Division: Fine Arts, Comm, and New Media
Department: Theater Arts
Title: Acting II

Semester Approved: Spring 2022
Five-Year Review Semester: Fall 2026
End Semester: Fall 2027

Catalog Description: This course is intended to build upon the previous work of Acting I. It will explore and expand upon the craft of acting through practical experience and studio activities. Its purpose is to deepen students’ understanding of acting techniques. A primary goal of this course is to introduce a variety of techniques, increasing a student actor’s toolset. The class will emphasize two essential elements actors face: scene study and character/physical theatre work.

Semesters Offered: Spring
Credit/Time Requirement: Credit: 3; Lecture: 3; Lab: 0

Prerequisites: THEA 1033 or instructor

Corequisites: THEA 1033 or instructor


Justification: This course is a lower-division core requirement for undergraduate theatre performance majors with equivalent courses at all four-year institutions in Utah and elsewhere. It fills a major requirement for theatre arts majors and otherwise satisfies elective credit criteria.


Student Learning Outcomes:
As a result of this class students will be able to deepen their understanding and appreciation of the art and craft of acting, building upon their fundamental skills, and diversifying their avenues of approach to character and scene work. Students will demonstrate their expanding knowledge and appreciation of acting through participation in class discussions of differing acting philosophies framed by readings of prominent authorities of the stage such as Meisner, Hagen, Spolin, Boleslasky, Donnellan, Shurtleff, and others. Furthermore, students will use these tools in scene study of in-class exhibitions.They will also demonstrate their expanding 'actor toolbox' through instructor guided workshops and performances of scenes and monologues (oral presentations) as well as their active exploration and participation in in-class physical theatre and character work anchored upon the work such as Michael Chekhov acting technique, Viewpoints, and other "outside-in" approaches.

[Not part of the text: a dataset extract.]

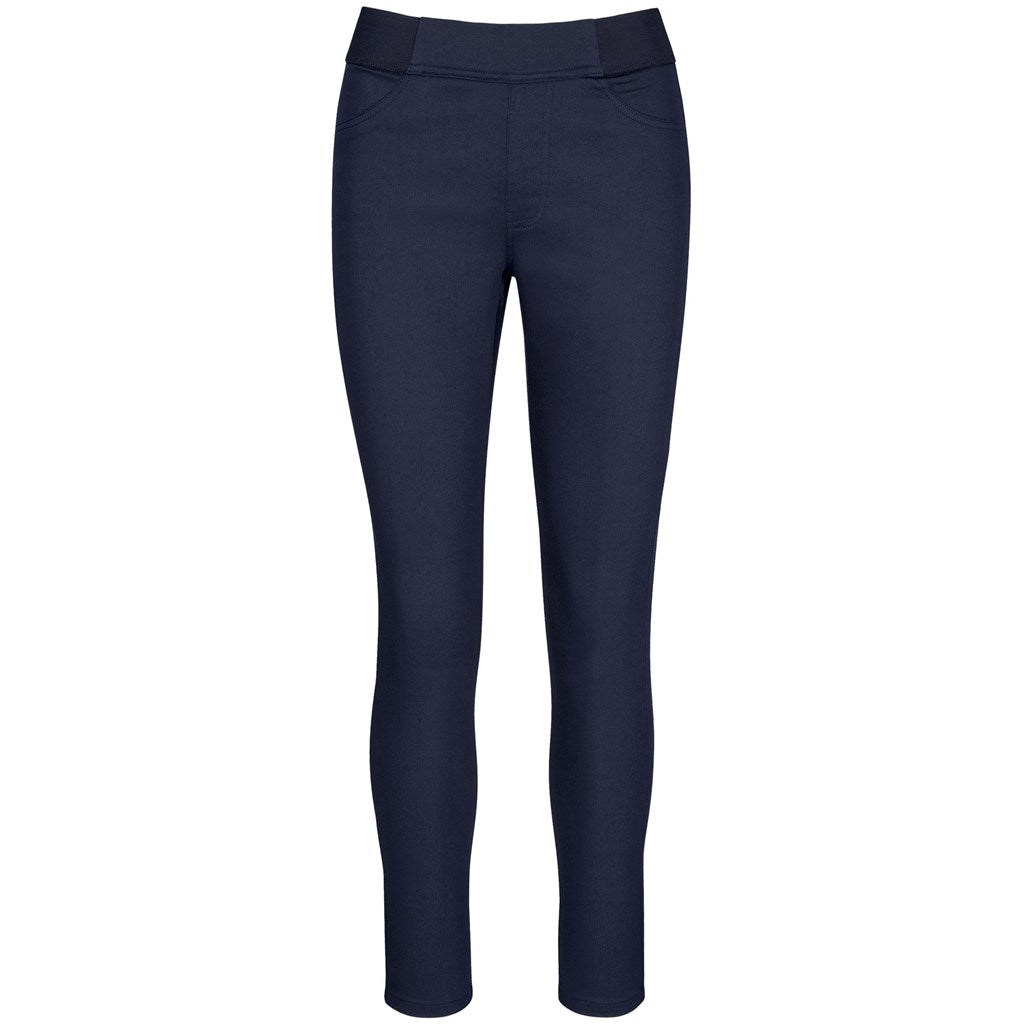 Ladies Sasha Stretch Pants - Navy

As a result of this class students will be able work independently and as an ensemble to accomplish more detailed performance tasks. Students will demonstrate these differing performance tasks through monologue and scene work respectively. Feedback and discussion following scenes and monologues will afford students to further demonstrate their process and analysis and allow for further investigation. Students will demonstrate individual nuanced work through script analysis assignments such as detailed annotation (script scoring), specific identification of usable and relevant given circumstances, personalization, and the application of inner monologue.Collective creative work will be evaluated through in-class acting explorations such as warm-ups based upon kinesthetic response, activities that relax and focus the body and voice, exercises based upon Boal, Grotowski, among others.

Following this class learners will be able to synthesize and apply critical evaluation to performance. Students will demonstration this ability through the evaluation plays read in class via a series of written responses. They will also be required to written critiques of live performances produced by the theatre department. These responses are based on criteria that will be examined in class lectures and readings.In addition, students will be tasked to reflect and evaluate their own performances, both in written form in post-scene analysis assignments, and following a performance (guided by the instructor) thereby demonstrating their facility with terminology and troubleshooting their own craft.

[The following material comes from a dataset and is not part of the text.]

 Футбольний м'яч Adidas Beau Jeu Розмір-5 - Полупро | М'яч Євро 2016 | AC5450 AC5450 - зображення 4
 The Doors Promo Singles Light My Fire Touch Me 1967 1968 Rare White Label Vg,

As result of this course a learner will be able to reason analytically, critically, and creatively through their own approach to an acting performance. Students read a variety of scripts and are asked to critically analyze both the texts as a whole and individual scenes from the perspective of one character they will later perform during in-class exhibitions and be tasked with evaluating their success in a reflection essay.Additionally, students are asked to synthesize what approaches work best for them in a final exhibition of scene and monologue work, having developed a personalized methodology from this course and Acting I. They will demonstrate their preparation and ability to analyze and think critically, interpret key concepts, and personalize characters primarily through scene presentations.


Content:
Through scene study, this class introduces students to methods of analyzing written play scripts from various genres and styles, and to encourage better understanding of the importance of objective, place, circumstances, relationship, and all the elements that collectively determine the play’s meaning. Scene study establishes the director/performer dialogue. Students will focus on truth in action, and adherence to the given circumstancesThis course’s primary avenue into character work will be through physical theatre practices such as the psychophysical work of Michael Chekhov, Anne Bogart’s Viewpoints, Laban movement studies, in addition to the work of Uta Hagan, internal monologue transcription and other variations on Stanislavski work.The ultimate purpose of the class is to aid all actors the ability to see the world through a different person's eyes. Content for scene work is encouraged to explore playwright's from diverse background, POC playwrights, and female playwrights.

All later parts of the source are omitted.